Something as simple as a parts cleaner that is dangerous at best when used properly, is associated (according to the CDC) with depressed brain function, kidney/liver toxicity, associated with the development of Parkinson's Disease, reproductive toxin, and of course cancer whose impacts are magnified when used improperly; i.e. hand washing.

The improper use of hazardous chemicals is a norm in third world countries where a combination of a high illiteracy rate, and general understanding of health is common.  If someone can't read a label how can they understand the dangers or how to protect themselves?  If that same person has no basic health science back ground how can they understand the risks?  Answer to both questions is they can't.  
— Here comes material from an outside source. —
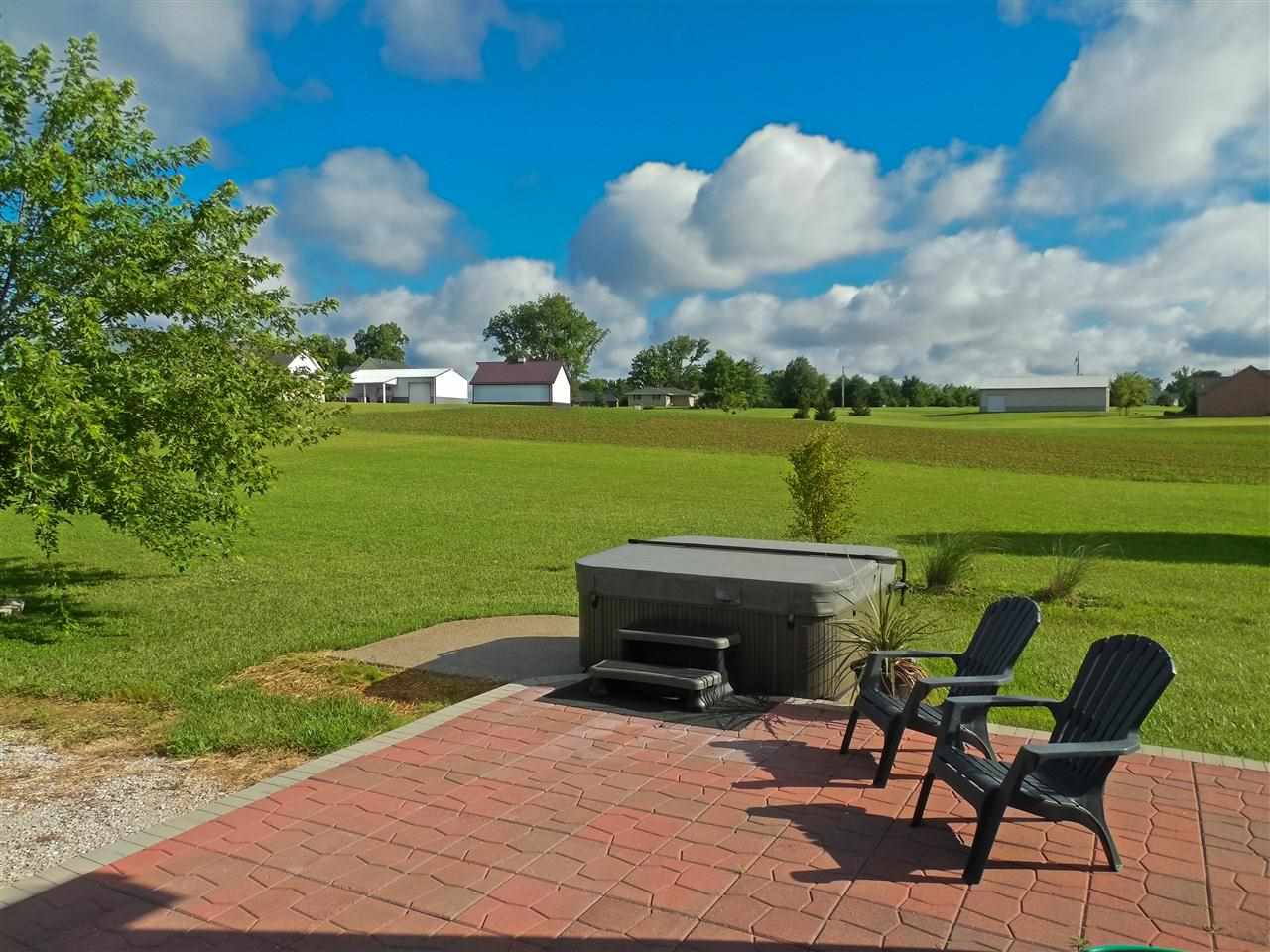 15250 Old Princeton Rd, Evansville, IN 47725 photo 12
This is not an isolated incident.  As I have seen large US firms supporting the same type of activity, especially when operating in these third world countries.  One temporary energy firm I worked for had a plant in Ecuador.  The diesel engine mechanics had a local deaf/mute janitor wash parts using gasoline.  When I told them to immediately stop they complained to 'senior' management that I was impacting the operation.  They had used gasoline for parts washing for years, and there is no other alternative.  Of course I identified an alternative within a few days, that was cost effective and safe.  Old ways of doing things are always hard to change.
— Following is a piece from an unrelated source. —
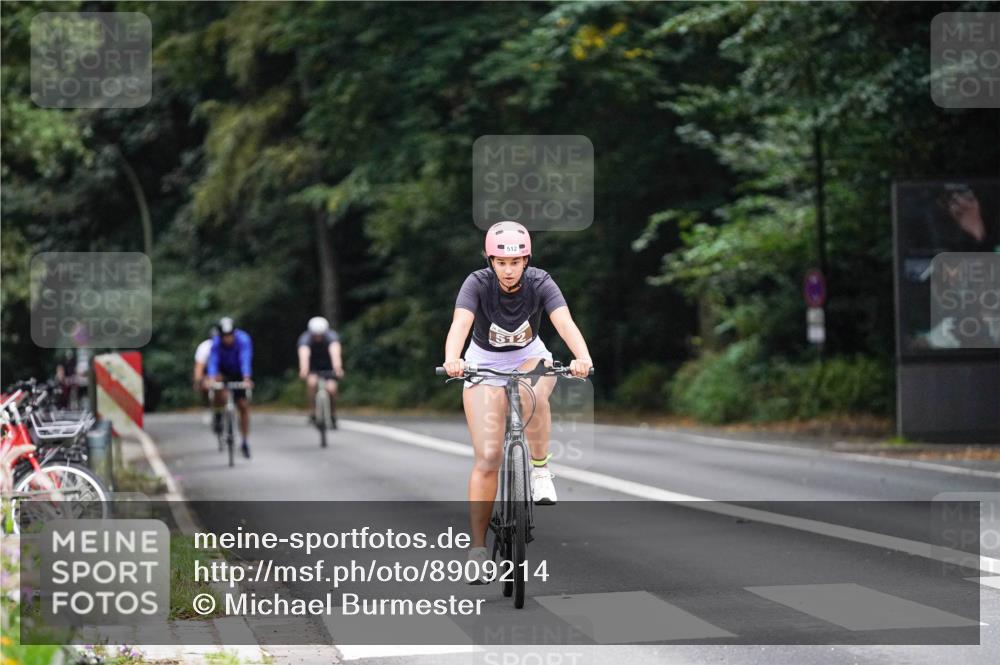 14.09.2025 - Stadtparktriathlon Michael Burmester http://msf.ph/oto/8909214 14.09.2025 10:00:46 Radfahren 512, 576, 583, 591, 618 meine-sportfotos.de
According to UNESCO the majority of illiterate people in the world are located in the sub-sahara, arabic countries, and south Asia.  The sub-sahara of Africa is where hazardous waste/chemicals has been disposed of or stored legally (as in the case of the French military mentioned about) and illegally.  

The Basel Convention agreement was designed to stop the illegal transboundary movement of these substances.  In the case of the US military it has caused an increase in the price that is paid to dispose of hazardous wastes.  This increased price can put pressure on other country governments to identify other means of disposal as was identified at this one location, either intentional or inadvertent.